We help IT Professionals succeed at work.

HP P400 SAS RAID slow performance

Hello all, I have an issue in HP server with P400 controller on 2008 x64. All in all - it is slow.

I get some 110 MB/s on RAID10 with 6 15K SAS driver, and some 80 MB/s on single SAS 15K drive.

The battery is out now, but the the cache is turned on regardless in settings for testing purposes. Read write is 50%/50%, the firmware is latest, the drivers are latest ver, and all drive have latest firmware installed.

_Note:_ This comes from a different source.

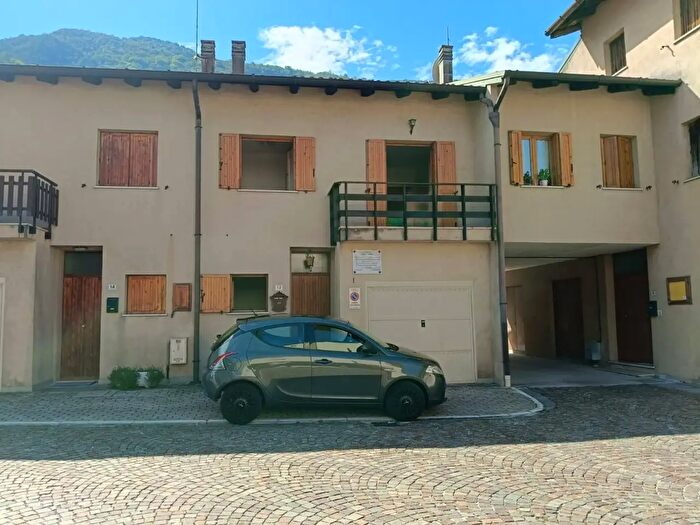 Casa quadrilocale in vendita in Via Monte Cuar Trasaghis, Trasaghis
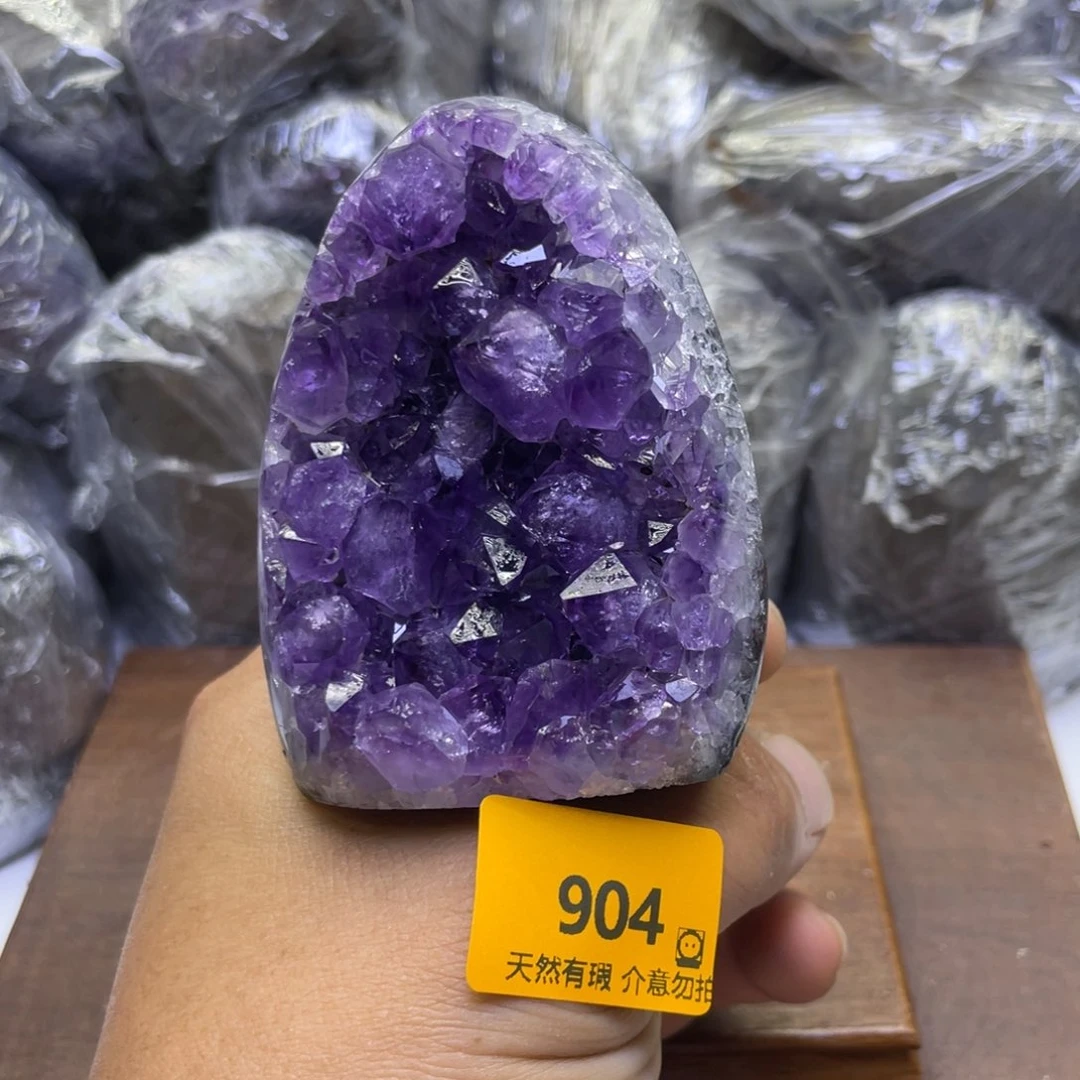 未镶嵌水晶大型摆件（非配饰）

I don't have a clue what to do to fine WTF is wrong with the controller. I asked local HP guys, but they too don't have a clue. - Did anyone have had a similar issue?

Thanks!
Comment
Watch Question

Aaron TomoskyDirector, SD-WAN Solutions

Commented:
How are you testing and what is the nic speed?
110MB/s is the max a 1000Mbit nic will go.
We need to know your exact testing methodology.  Where is the data coming from or going to?  What program are you using to test?  Is there a file system on the disks, and if so, how did you create the files, what sort of directory structure, and how big are the files?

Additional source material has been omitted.